Of course the British were only too ready to assist the French. Any other attitude would have been unintelligent; for, with the French Army broken, the British Army would find itself having to bear unassisted the weight of German blows in the West. There were three courses which the British Army might take.
First. It could send troops to Verdun. But the mixture of units speaking different languages in the intricate web of communications required for directing modern operations, and the mixture of transport in the course of heavy concentrations in the midst of a critical action where absolute cohesion of all units was necessary, must result in confusion which would make any such plan impracticable. Only the desperate situation of the French being without reserve could have compelled its second consideration, as it represented the extreme of that military inefficiency which makes wasteful use of lives and material.

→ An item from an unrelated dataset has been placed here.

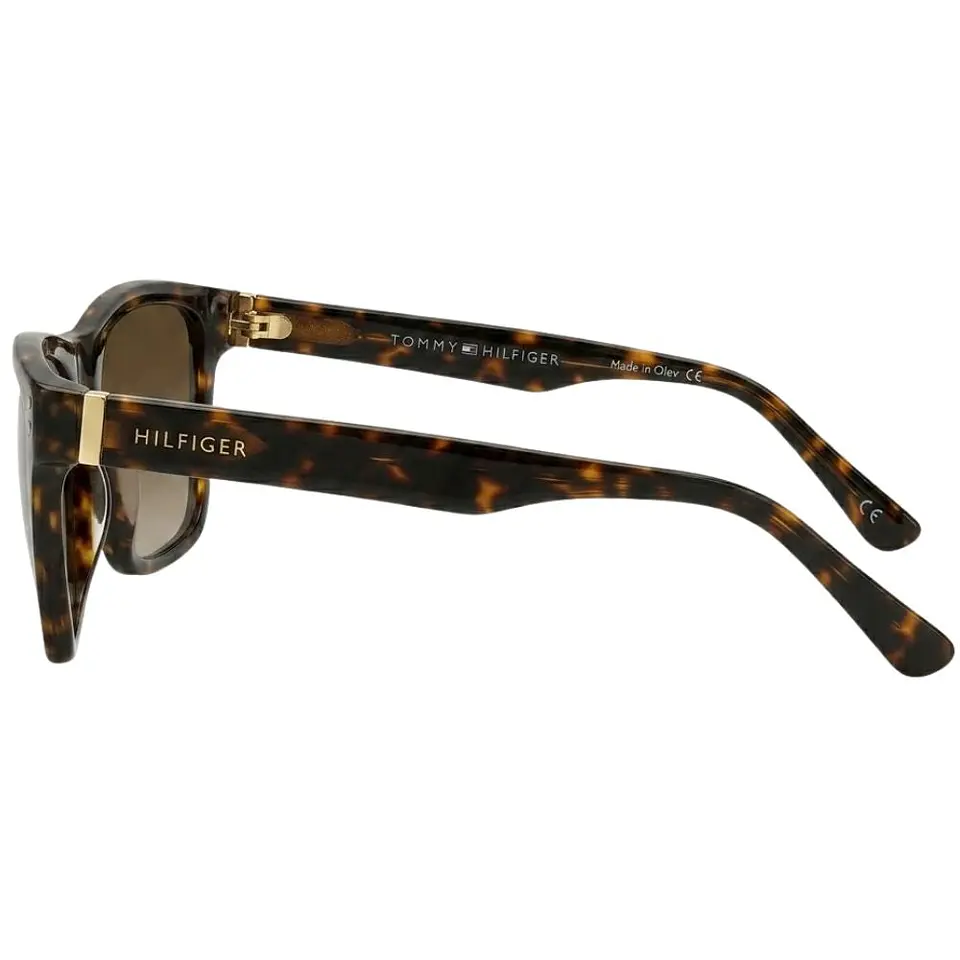 Gafas de Sol Polarizado TOMMY HILFIGER OUTLOOK X60220 Marron Habana Unisex Talla 56mm 3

Second. The British could attack along their front as a diversion to relieve pressure on Verdun. For this the Germans were fully prepared. It fell in exactly with their plan. Knowing that the British New Army was as yet undeveloped as an instrument for the offensive and that it was still short of guns and shells, the Germans had struck in the inclement weather of February at Verdun, thinking, and wrongly to my mind, that the handicap to the vitality of their men of sleet, frost and cold, soaking rains would be offset by the time gained. Not only had the Germans sufficient men to carry on the Verdun offensive, but facing the British their numbers were the largest mile for mile since the first battle of Ypres. Familiar with British valor as the result of actual contact in battle from Mons to the Marne and back to Ypres, and particularly in the Loos offensive (which was the New Army's first "eye-opener" to the German staff), the Germans reasoned that, with what one German called "the courage of their stupidity, or the stupidity of their courage," the British, driven by public demand to the assistance of the French, would send their fresh infantry with inadequate artillery support against German machine guns and curtains of fire, and pile up their dead until their losses would reduce the whole army to inertia for the rest of the year.
Of course, the German hypothesis—the one which cost von Falkenhayn his place as Chief of Staff—was based on such a state of exhaustion by the French that a British attack would be mandatory. The initial stage of the German attack was up to expectations in ground gained, but not in prisoners or material taken. The French fell back skilfully before the German onslaught against positions lightly held by the defenders in anticipation of the attack, and turned their curtains of fire upon the enemy in possession of captured trenches. Then France gave to the outside world another surprise. Her spirit, ever brilliant in the offensive, became cold steel in a stubborn and thrifty defensive. She was not "groggy," as the Germans supposed. For every yard of earth gained they had to pay a ghastly price; and their own admiration of French shell and valor is sufficient professional glory for either Pétain, Nivelle, or Mangin, or the private in the ranks.